You have done me a very great honor in inviting me to give this Baccalaureate address. Ordinarily the invitation follows the fame of the speaker. You have reversed the process, making me famous by issuing your invitation. Truth in advertising requires a somewhat fuller statement. In years gone by, I was actually a nonvoting adviser to the student committee that recommends the Baccalaureate speaker. (I hasten to add that unlike President Tilghman, who was a member of the selection committee that chose herself, I was not a member of this year's committee.) But I know how things work. The committee makes three recommendations, and the president chooses by single transferable vote. There is one intergalactically famous political figure. There is one internationally famous media celebrity. Then there is a safety candidate whose modest virtues are minimal ambulatory power and availability. My guess is that Hillary's pollsters were skittish, and Larry King laughed at the honorarium. The rest is history — and you are there.
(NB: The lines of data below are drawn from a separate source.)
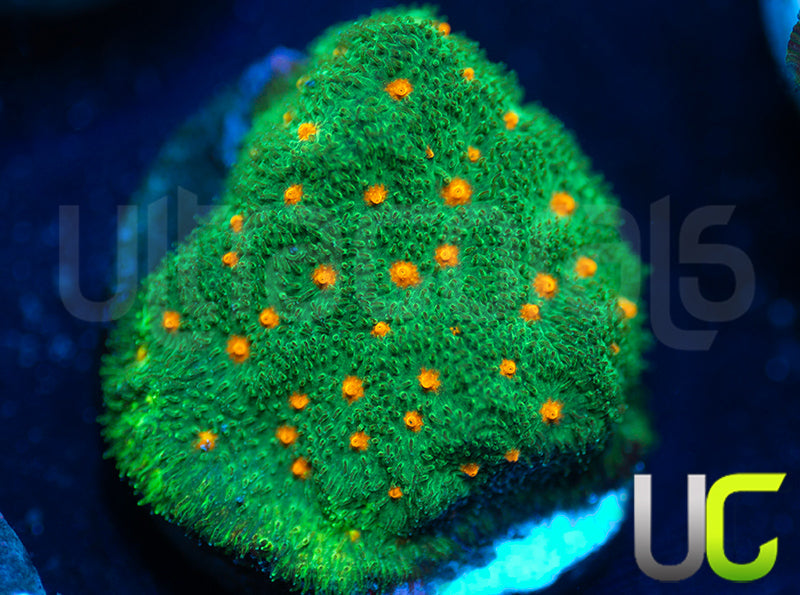 CC Smashing Pumpkins Psammocora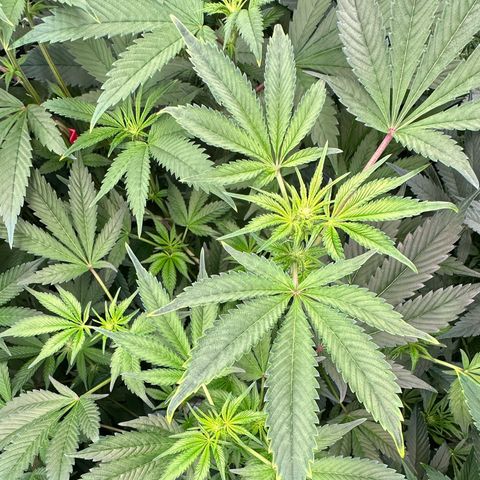 MiscxLAZ #37 C growlog timeline photo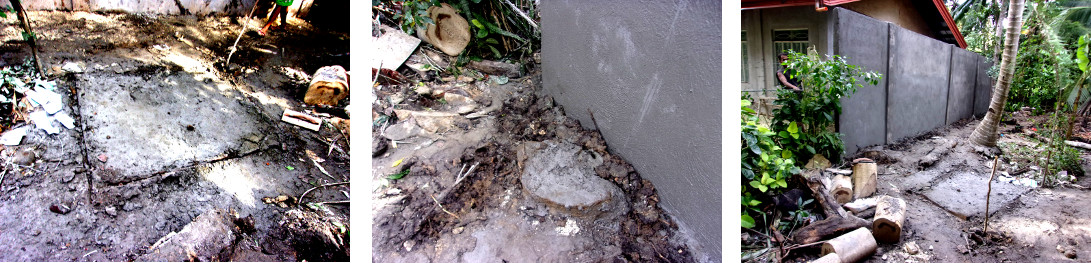 Images of mess left by
            construction of wall along tropical backyard boundary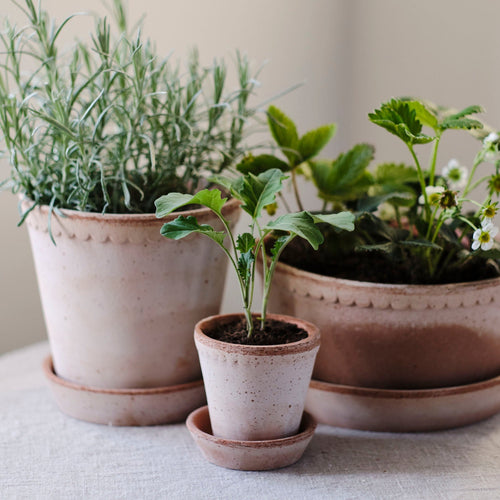 Helena Pot & Saucer, Rosa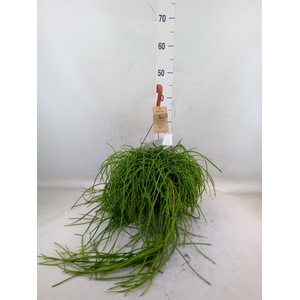 Rhipsalis   ...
Unless I mistake myself this is actually the second time I have had the honor of addressing you as a class. On a warm September evening in 2003, from a temporary podium facing Cannon Green, I was the warm-up act for an eminent politician and alumnus who talked to you at an "Integrity Assembly." I remember the event but dimly, and the fact that you have invited me here today suggests that you remember it not at all. Still I regard it as a great success. I told you to be good, and lo, you have been good, very good. Can it work a second time?

This talk will be about you, but it must begin with a few words about me. I am 71 years old. Last June I retired after 40 years on the Princeton faculty. I suppose that means that you are swifter than I am by a ratio of 10-to-1. In retirement the sense of vital connection with the daily life of the institution erodes rapidly. I shall spend the whole of the next academic year away, and when I return that sense will be wholly erased. Hence, 2007, you are the last Princeton class I ever will really know. Some of you were my freshman or sophomore academic advisees. Some of you took a freshman seminar on Dante with me. Quite a few of you took upper division courses with me. Hence I am swimming in that same bittersweet sea of emotionality in which you are bobbing about during this long weekend.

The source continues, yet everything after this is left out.